• **YOUR GOAL**
Among the records below, find the line with "Polo elasticizzata con logo Hilfiger per bambini Polo" and the line with "606 Rocky Branch". Set down both and every line between, exactly and with no pictures, but nothing else.

• **INFORMATION SUPPLIED**
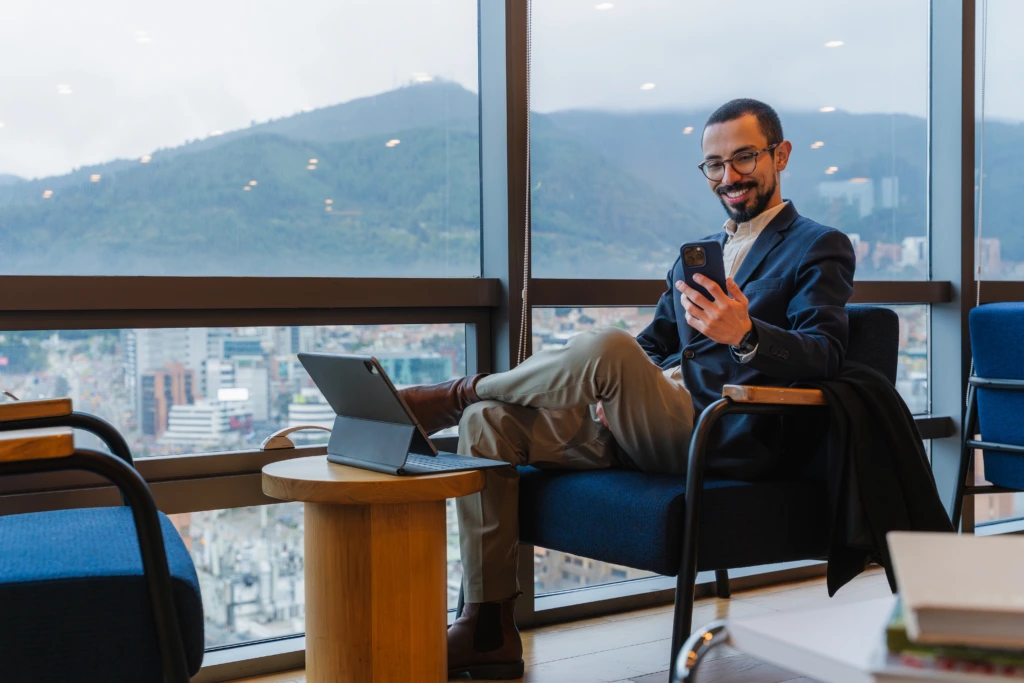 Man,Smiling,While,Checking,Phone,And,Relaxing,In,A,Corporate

---

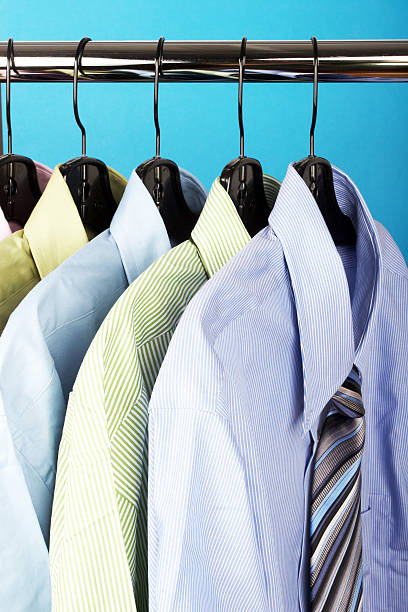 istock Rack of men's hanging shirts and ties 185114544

--

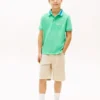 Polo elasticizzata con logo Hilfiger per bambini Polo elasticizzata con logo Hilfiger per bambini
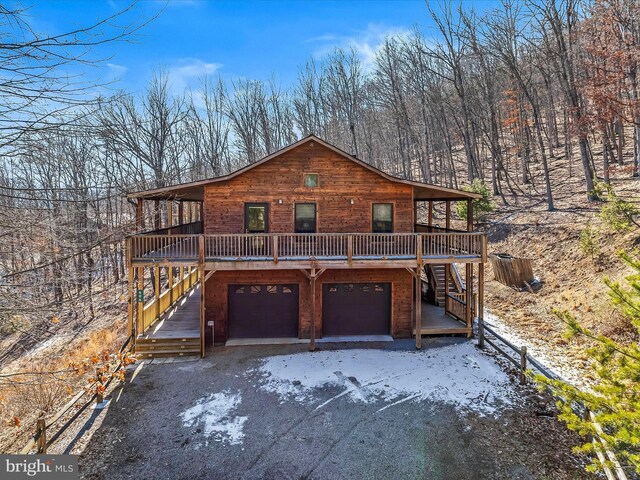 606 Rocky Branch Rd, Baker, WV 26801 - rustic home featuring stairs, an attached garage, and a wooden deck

• **SOLVED PROBLEM**
 Polo elasticizzata con logo Hilfiger per bambini Polo elasticizzata con logo Hilfiger per bambini
 606 Rocky Branch Rd, Baker, WV 26801 - rustic home featuring stairs, an attached garage, and a wooden deck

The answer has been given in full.